CVE-2025-57762 in WeGIA
Summary
by MITRE • 08/21/2025
WeGIA is a Web manager for charitable institutions. Prior to 3.4.7, there is a Stored Cross-Site Scripting (XSS) vulnerability in the dependente_docdependente.php endpoint of the WeGIA application. This vulnerability allows attackers to inject malicious scripts into the nome parameter. The injected scripts are stored on the server and executed automatically whenever the affected page is accessed by users, posing a significant security risk. This vulnerability is fixed in 3.4.7.
If you want to get best quality of vulnerability data, you may have to visit VulDB.
Analysis
by VulDB Data Team • 08/21/2025
The CVE-2025-57762 vulnerability represents a critical stored cross-site scripting flaw in the WeGIA web management system designed for charitable institutions. This vulnerability exists within the dependente_docdependente.php endpoint, which serves as a document management interface for dependent records within the charitable organization's database.
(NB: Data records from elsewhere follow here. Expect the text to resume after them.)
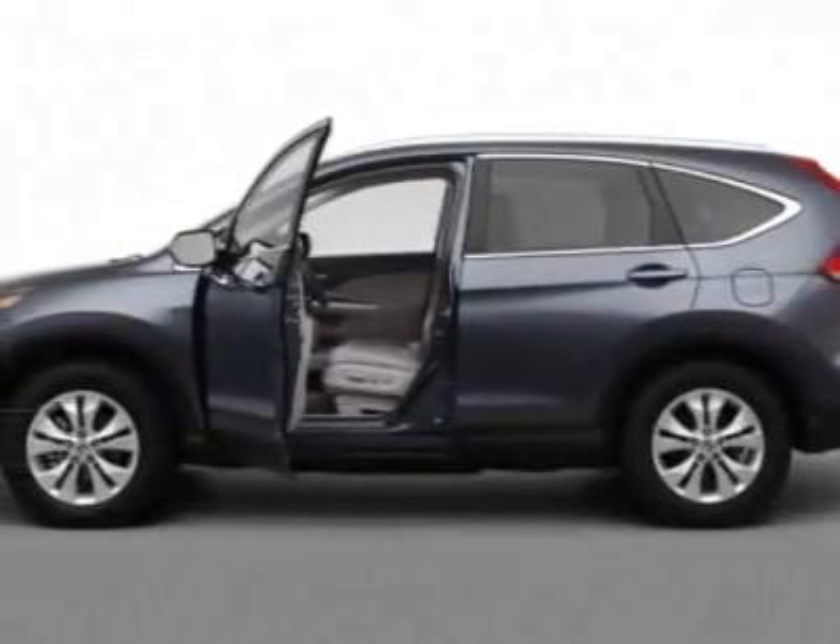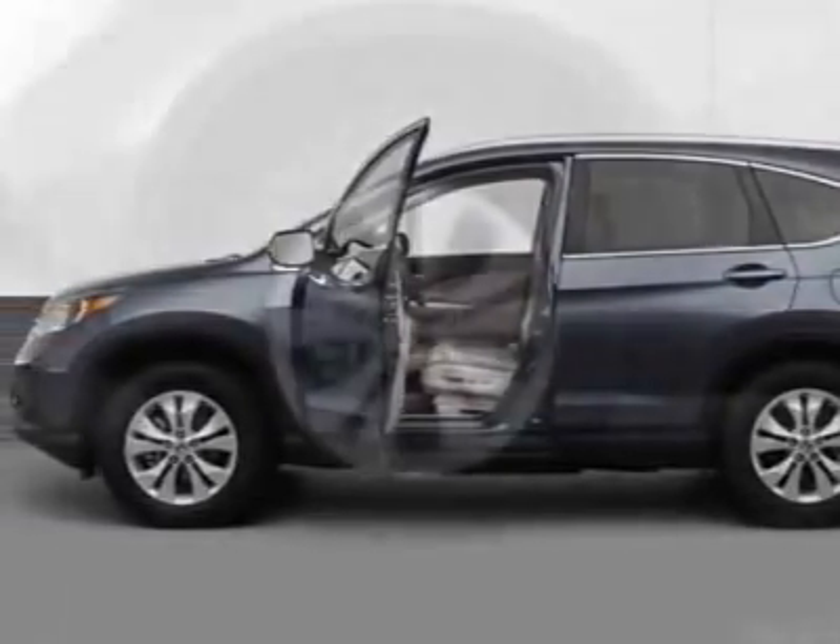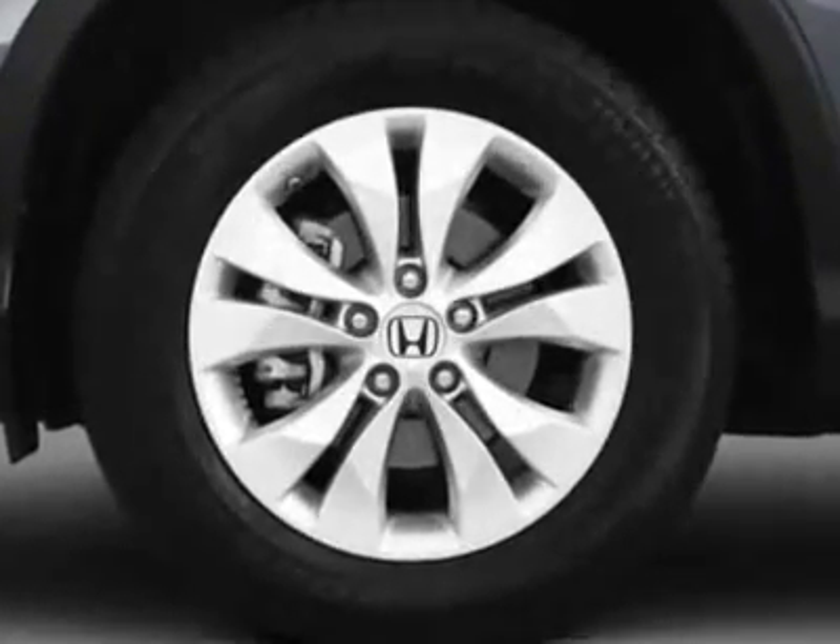Come take a look at this new 2012 Honda CR-V. For your protection, this vehicle has a full factory warranty.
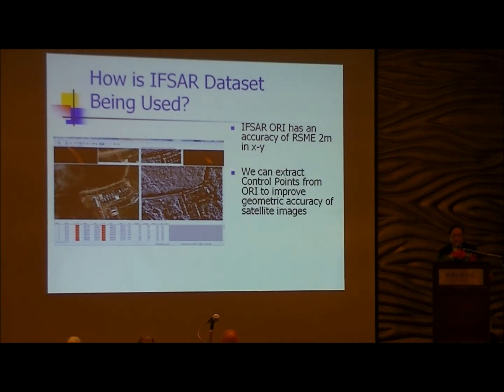The next important application of IFSA is the DSM. We use the DSM to orthorectify all satellite images, because we are delivering to engineers and emphasize accuracy. All images need to be orthorectified. On the left is the image before orthorectification — you can see a mismatch with the cadastral boundaries. After orthorectification, everything matches very nicely.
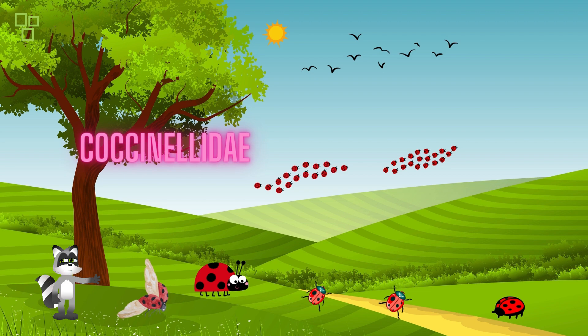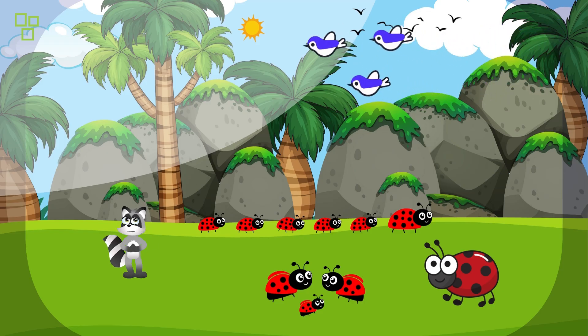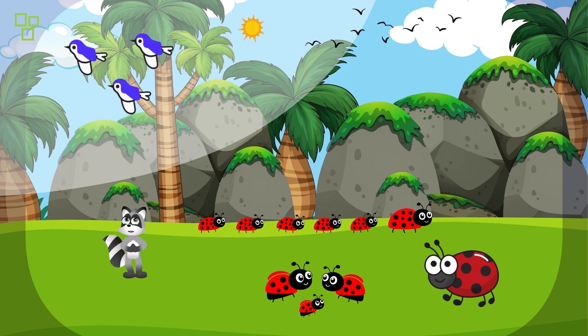Our journey begins with the life cycle of ladybugs. These fascinating insects undergo a complete metamorphosis, just like butterflies. It all starts with the female laying clusters of tiny, oval-shaped eggs on the undersides of leaves, often near aphid colonies. Once the eggs hatch, out come voracious little larvae with a striking appearance. Contrary to the classic image of a ladybug, these larvae look quite alien with their elongated bodies.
The flaw specifically affects versions prior to 3.4.7, indicating that the developers identified and remediated this security gap in their software update cycle. The vulnerability's classification as stored XSS means that malicious payloads are not merely reflected in responses but are permanently stored on the server's database, creating a persistent threat vector that can affect multiple users over time.
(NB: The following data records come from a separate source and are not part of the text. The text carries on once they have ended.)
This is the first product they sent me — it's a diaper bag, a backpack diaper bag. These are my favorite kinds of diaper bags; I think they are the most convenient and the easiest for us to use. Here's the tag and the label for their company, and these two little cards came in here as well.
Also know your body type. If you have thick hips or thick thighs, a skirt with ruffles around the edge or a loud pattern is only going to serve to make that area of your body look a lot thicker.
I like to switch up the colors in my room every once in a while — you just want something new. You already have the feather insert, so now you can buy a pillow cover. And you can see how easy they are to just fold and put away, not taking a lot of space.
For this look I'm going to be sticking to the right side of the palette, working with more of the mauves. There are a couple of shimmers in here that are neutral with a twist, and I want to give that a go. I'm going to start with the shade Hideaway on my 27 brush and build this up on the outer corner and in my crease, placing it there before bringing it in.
The technical exploitation of this vulnerability occurs through the nome parameter, which is likely used to capture and store the name of dependents within the charitable institution's records. When an attacker crafts malicious script code and submits it through this parameter, the application fails to properly sanitize or validate the input before storing it in the database. This lack of input validation creates an environment where attacker-controlled code can be persisted and executed automatically whenever legitimate users access the dependent document pages. The stored nature of this vulnerability makes it particularly dangerous because the malicious scripts execute in the context of the victim's browser session, potentially allowing attackers to hijack user sessions, steal sensitive information, or perform unauthorized actions on behalf of authenticated users.
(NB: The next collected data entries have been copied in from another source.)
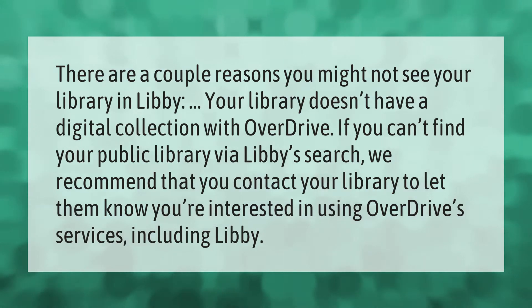Your library might not appear in Libby if it doesn't have a digital collection with OverDrive. If you can't find your public library via Libby's search, we recommend that you contact your library to let them know you're interested in using OverDrive services, including Libby.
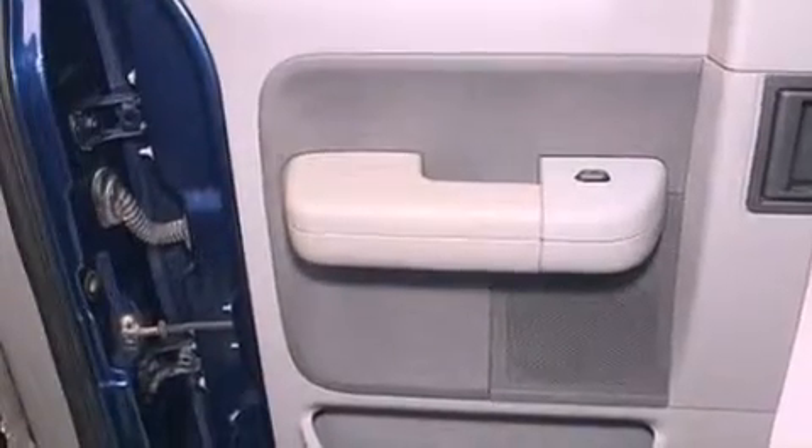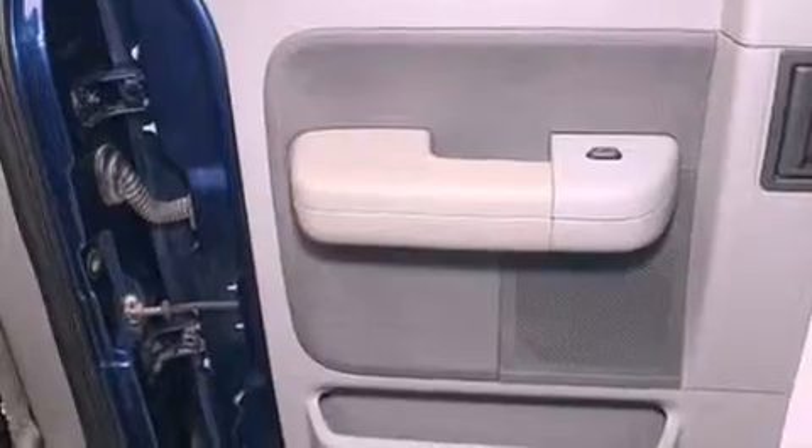Additional features include a passenger side vanity mirror, an anti-lock braking system, air conditioning, and this vehicle has less than 72,000 miles.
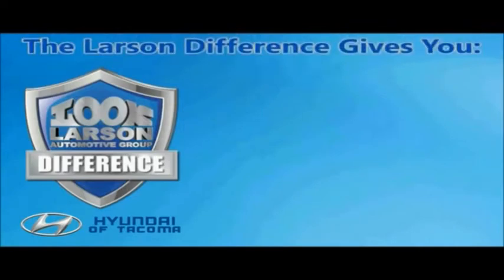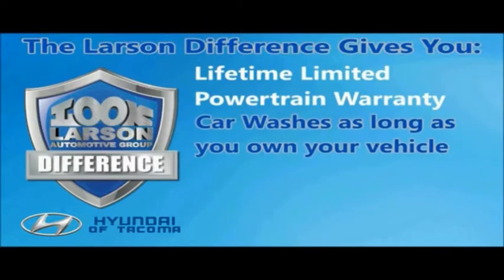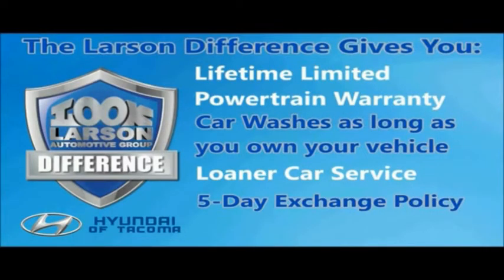You can always buy with confidence knowing you will be backed by a limited lifetime powertrain warranty, free car washes for life, free loaners, and a five-day vehicle exchange policy.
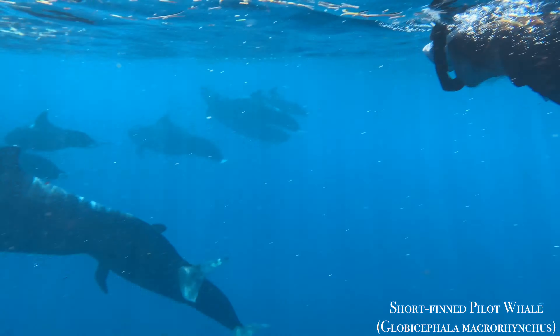Both species of pilot whales have a characteristic bulbous head, which is more pronounced in older whales. Pilot whales eat mostly squid, which they capture through suction. As a result, they have very few teeth and are usually pretty safe to swim with.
The operational impact of this vulnerability extends beyond simple script execution, as it fundamentally undermines the security posture of charitable institutions using the WeGIA platform. When attackers successfully exploit this flaw, they can manipulate the application's behavior to redirect users to malicious domains, steal session cookies, or inject additional malicious content into the application's interface. The vulnerability creates opportunities for attackers to gain persistent access to sensitive organizational data, potentially compromising donor information, financial records, and confidential dependent details. This risk is particularly severe for charitable organizations that handle sensitive personal information and financial data, as the exploitation could lead to data breaches, identity theft, or financial fraud. The vulnerability also affects the trust relationship between the organization and its users, as compromised applications can be used to spread malware or conduct phishing attacks through the application's interface.
Security mitigations for this vulnerability should focus on implementing robust input validation and output encoding mechanisms throughout the application's data handling processes. The fix implemented in version 3.4.7 likely includes proper sanitization of user inputs, particularly for parameters like nome, to prevent malicious scripts from being stored in the database. Organizations should implement comprehensive parameter validation that rejects or removes potentially dangerous characters and patterns from user inputs before processing or storing them. Additionally, the application should employ proper output encoding when displaying stored data to ensure that any previously injected scripts are rendered harmless. The vulnerability aligns with CWE-79, which specifically addresses cross-site scripting flaws, and could be mapped to ATT&CK technique T1566.001 for initial access through malicious web content, highlighting the importance of input validation in preventing such attacks. Organizations should also implement regular security assessments and penetration testing to identify similar vulnerabilities in other application components, as this type of flaw often indicates broader input validation weaknesses within the application architecture.